Activity: Once the pictures are removed, restate the data below word for word.

Available data:
Segment Open
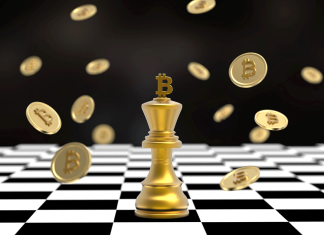 A Deep Dive into Bitcoin Dominance bitcoin dominance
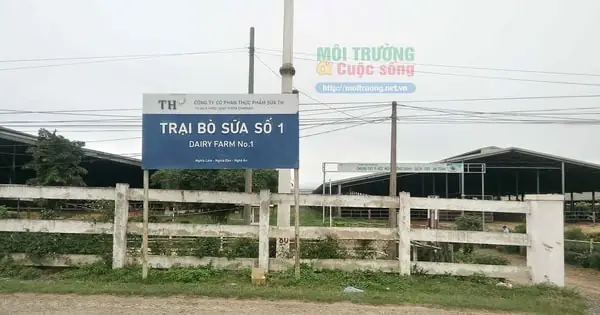 Review Sữa Tươi Th True Milk: Chất Lượng, Hương Vị & Ứng Dụng Nấu Nướng Thực Tế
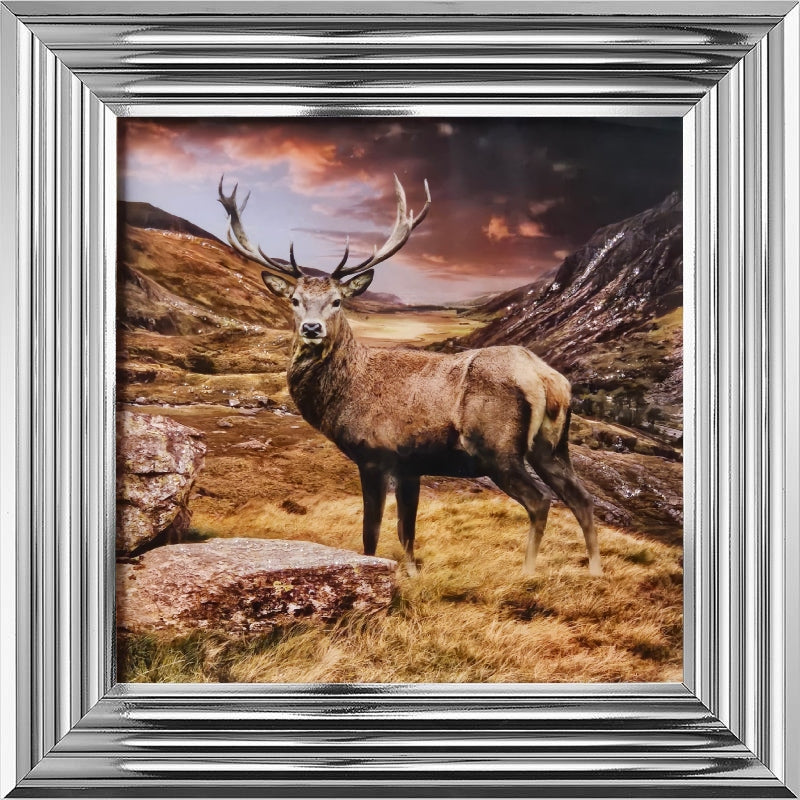Stag
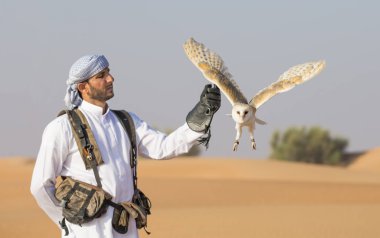 Peçeli baykuş çölde eğitim falconer 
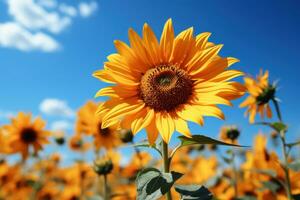 AI generated Nectar foraging in sunflower hover, spring session photos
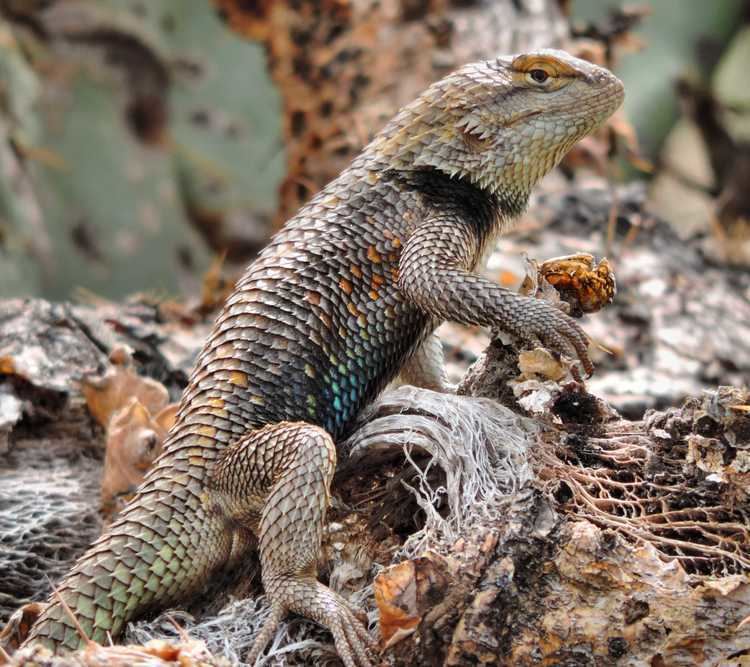 Spiny lizard Desert Spiny Lizard Tucson Herpetological Society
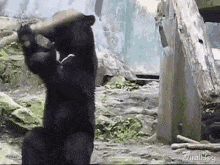 bears-free-animated-gameznet 01.gif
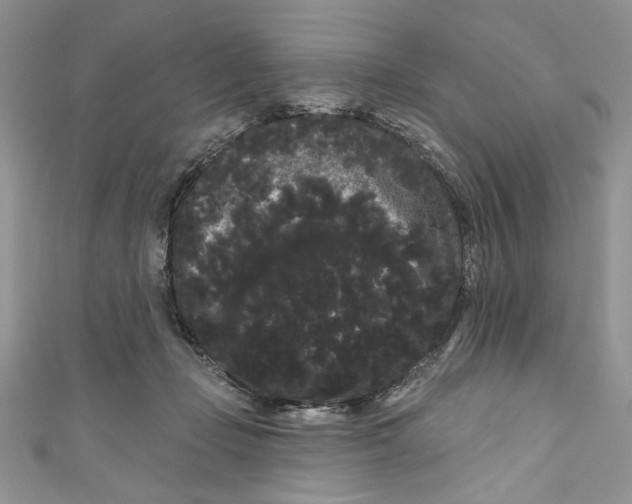 X0000111050365200907161410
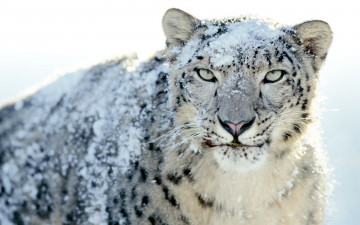 Картинка животные снежный+барс+ ирбис барс снег зима взгляд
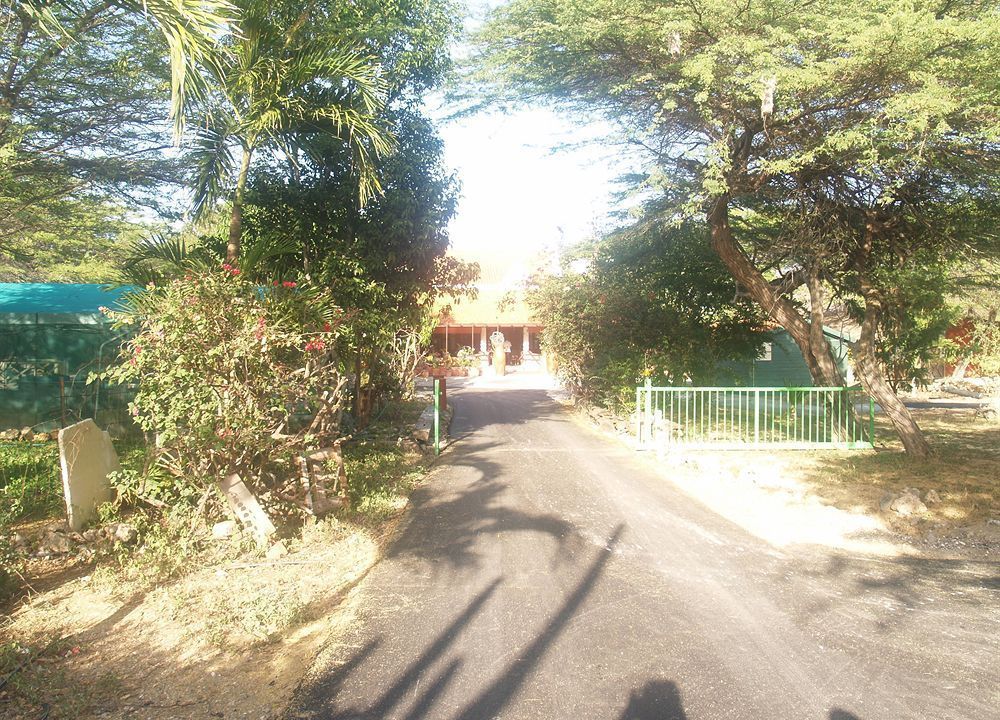Landhuis Daniel - Plantation House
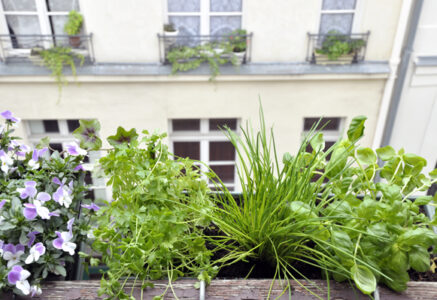 Faire pousser des herbes aromatiques à sa fenêtre
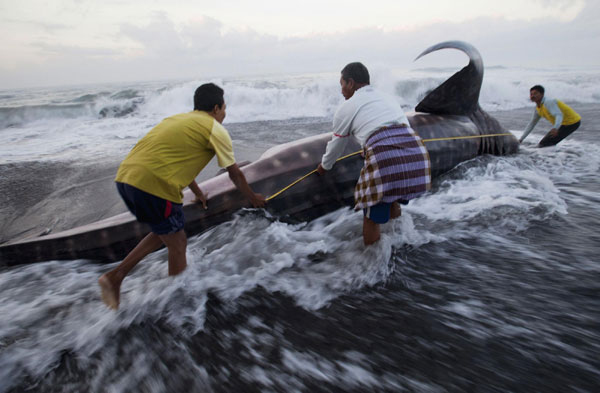 Whale shark dead on Indonesian beach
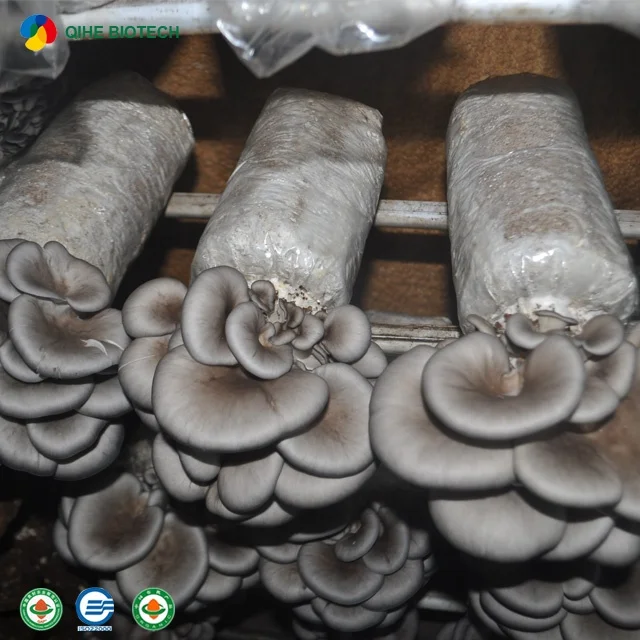 
frozen oyster mushroom spawn Pleurotus ostreatus strain 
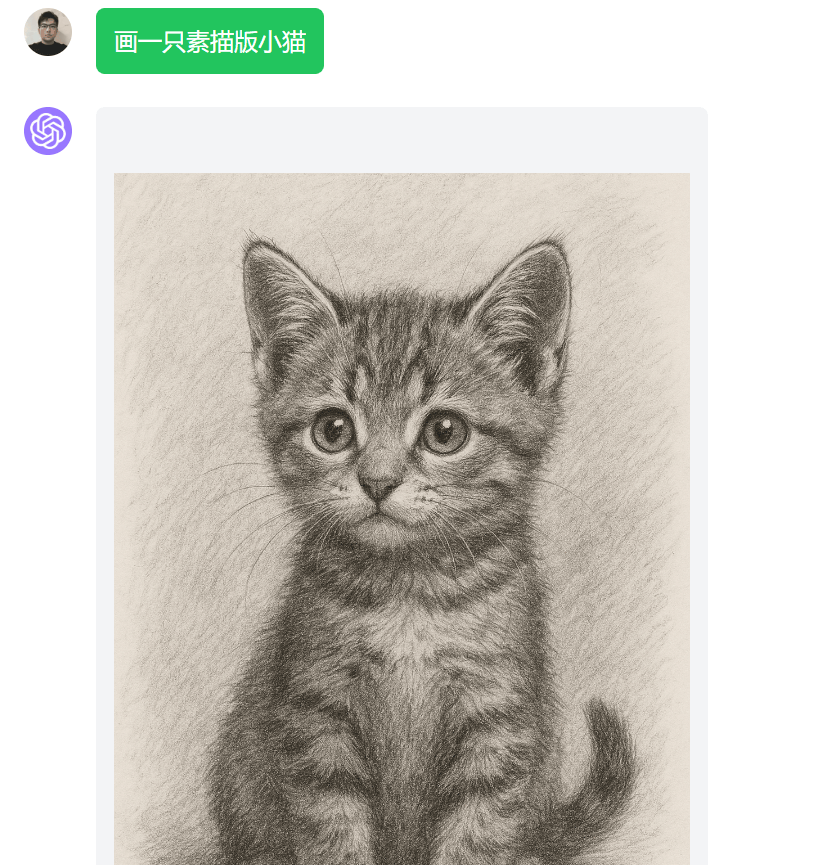 画一只素描版小猫
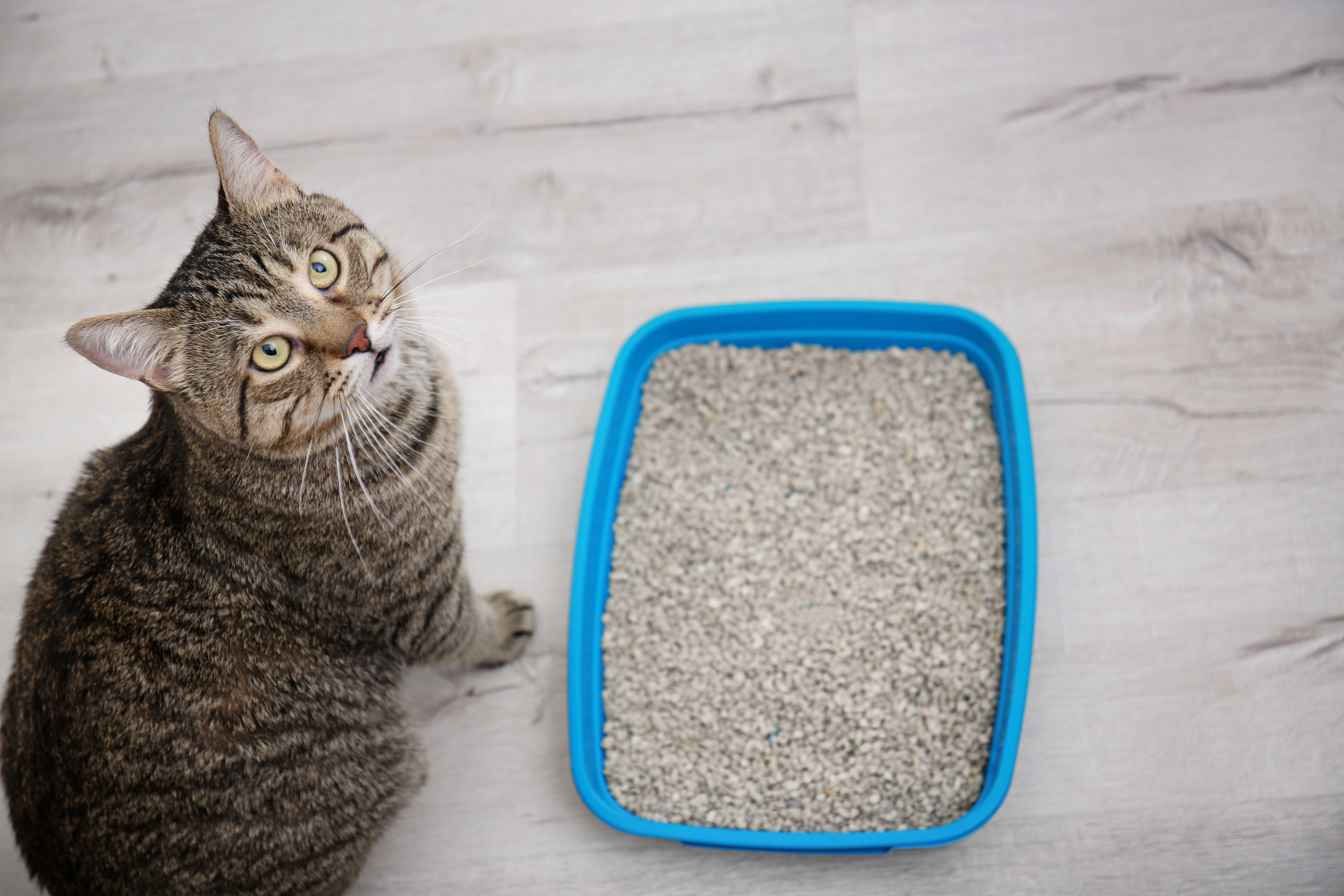 cat-refusing-litter-box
Segment Closed
Answer to the problem:
 A Deep Dive into Bitcoin Dominance bitcoin dominance
 Review Sữa Tươi Th True Milk: Chất Lượng, Hương Vị & Ứng Dụng Nấu Nướng Thực Tế
Stag
 Peçeli baykuş çölde eğitim falconer 
 AI generated Nectar foraging in sunflower hover, spring session photos
 Spiny lizard Desert Spiny Lizard Tucson Herpetological Society
 bears-free-animated-gameznet 01.gif
 X0000111050365200907161410
 Картинка животные снежный+барс+ ирбис барс снег зима взгляд
Landhuis Daniel - Plantation House
 Faire pousser des herbes aromatiques à sa fenêtre
 Whale shark dead on Indonesian beach
frozen oyster mushroom spawn Pleurotus ostreatus strain 
 画一只素描版小猫
 cat-refusing-litter-box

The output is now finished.